A separate review by the FDA published in 2013 found: “Menthol in cigarettes is likely associated with increased initiation and progression to regular use of cigarette smoking.” However, FDA’s evaluation found “little evidence to suggest that menthol cigarettes are more or less toxic or contribute to more disease risk to the user than nonmenthol cigarettes.”

Considering menthol cigarettes are not more dangerous than nonmenthols when it comes to their toxicological makeup, FDA must demonstrate why these products are deserving of prohibition compared to nonmenthol cigarettes, which are responsible for most smoking-related deaths and disease in the United States.

On April 22, 2022, the FDA announced it would pursue a ban on the sale of menthol cigarettes. The announcement came as new data from the 2021 National Youth Tobacco Survey (NYTS) revealed the current smoking rate among middle and high school students at a record low of 1.5%. Of those students who smoke, the majority, 61%, use nonmenthol cigarettes.

Nevertheless, claims made against menthol should be considered and reviewed to see if critics’ claims are borne out in the real world. Suppose the association between menthol cigarettes, increased youth initiation, and dependence is as strong as tobacco control activists suggest. In that case, there should be signs of it in the national data.

Employing National Survey on Drug Use and Health (NSDUH) data from the Substance Abuse and Mental Health Services Administration (SAMHSA) and industry distribution figures, Reason Foundation examined whether there was a strong positive relationship between the distribution of menthol cigarettes and youth cigarette smoking. The data covered all 50 states and Washington, D.C., for 2008–2020.

The resulting analysis found:

  • States with more menthol cigarette consumption relative to all cigarettes have lower rates of child smoking;
  • States with higher per capita distribution levels of cigarettes of all types have higher rates of both adult and child smoking;
  • In general, the metric analyses show consistent nonpredictive relationships between relative menthol cigarette consumption rates and use of any age group; and,
  • The only predictive relationship is between adult and child smoking rates, and since we do not expect children to cause their parents to smoke, we conclude that states with higher rates of adult cigarette smoking cause higher rates of youth use.
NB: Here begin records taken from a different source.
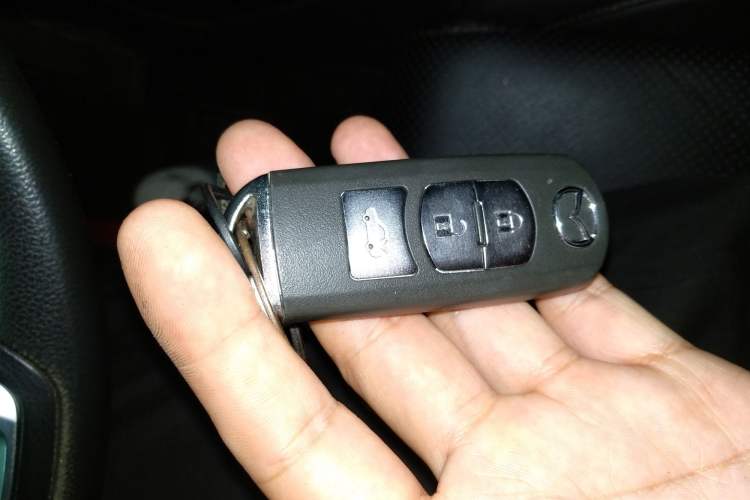 Used Mazda Mazda 3 Axela 2019 Cloud-Controlled Sedan 1.5L Automatic Luxury Model China VI Standard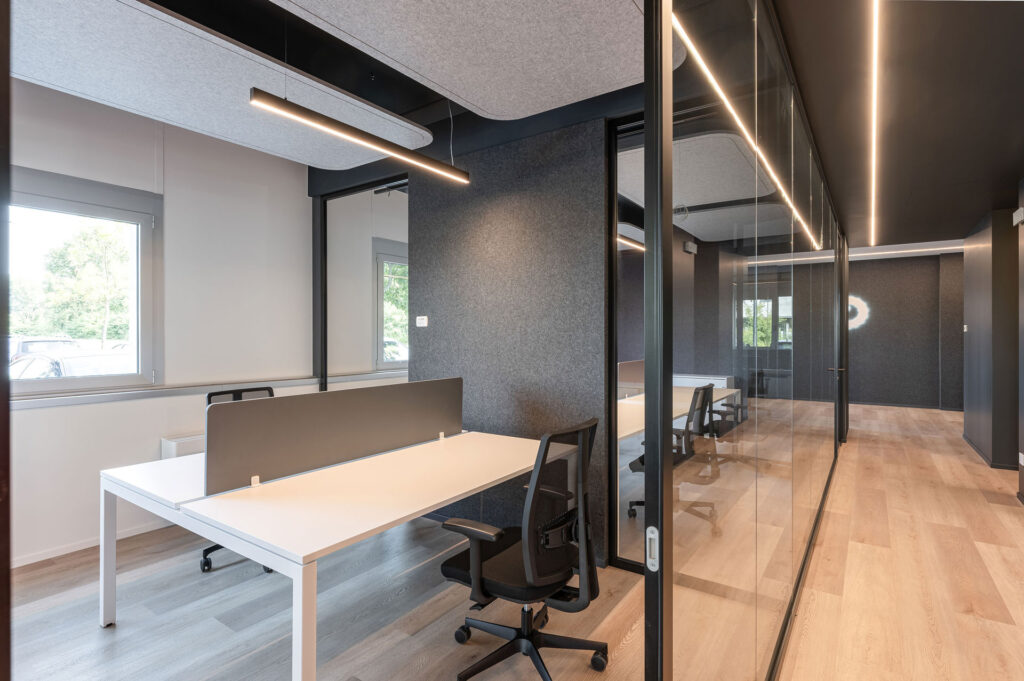 MTS INFORMATICA parete divisoria Glass corridoio uffici parete vetrata a vetro singolo extra clear profilo in alluminio jet black ral 9005 porte a battente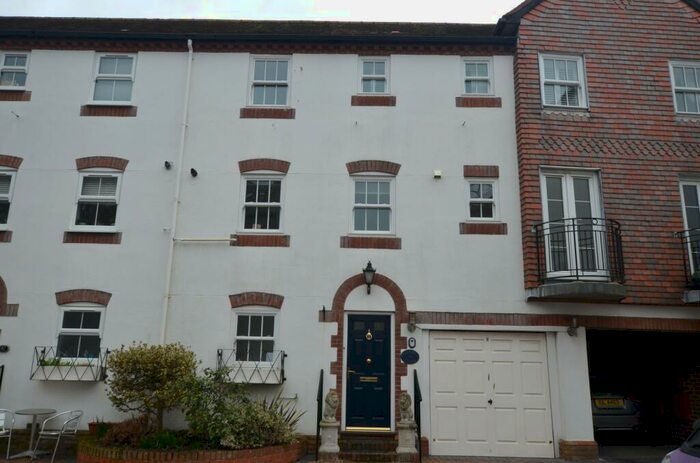 4 Bedroom Town House To Rent In Bedroom Terraced Town House In Poole, BH15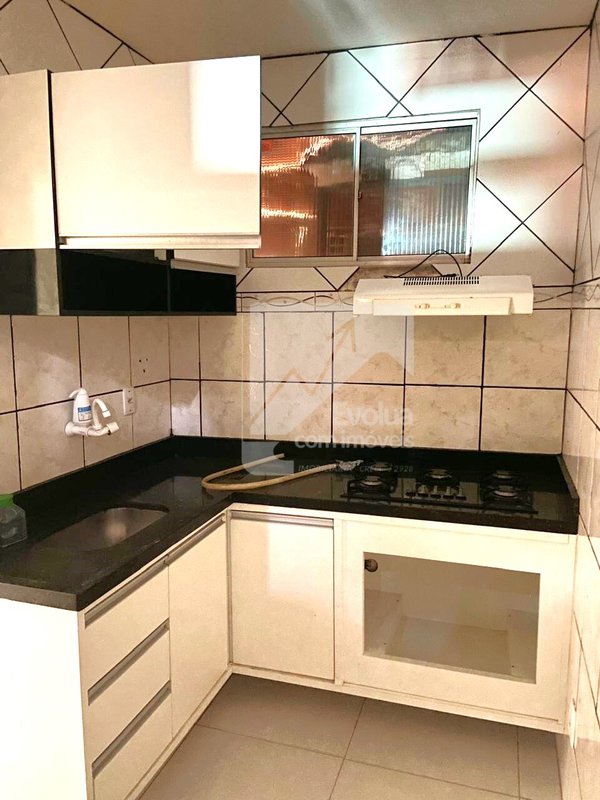 Vendo R$ 150.000 Casa 1º Andar, 2/4  - Itapuã - Salvador  Salvador -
The data demonstrate that menthol cigarette distribution does not increase youth smoking initiation any more than regular cigarette distribution.

This study concludes that menthol cigarette availability does not pose a greater threat to public health than regular cigarette availability.

From these findings, we can infer that the best way to lower the youth smoking rate is to reduce the adult smoking rate in concurrence with the public health literature. But any consideration of menthol prohibition should be made in the context of extremely low youth use of the product, the lack of association between menthol use rates in states and youth smoking, the costs of enforcing prohibition, especially for minority communities, and other less costly ways of reducing smoking, such as increasing the availability of safer nicotine alternatives like e-cigarettes and traditional smoking cessation services.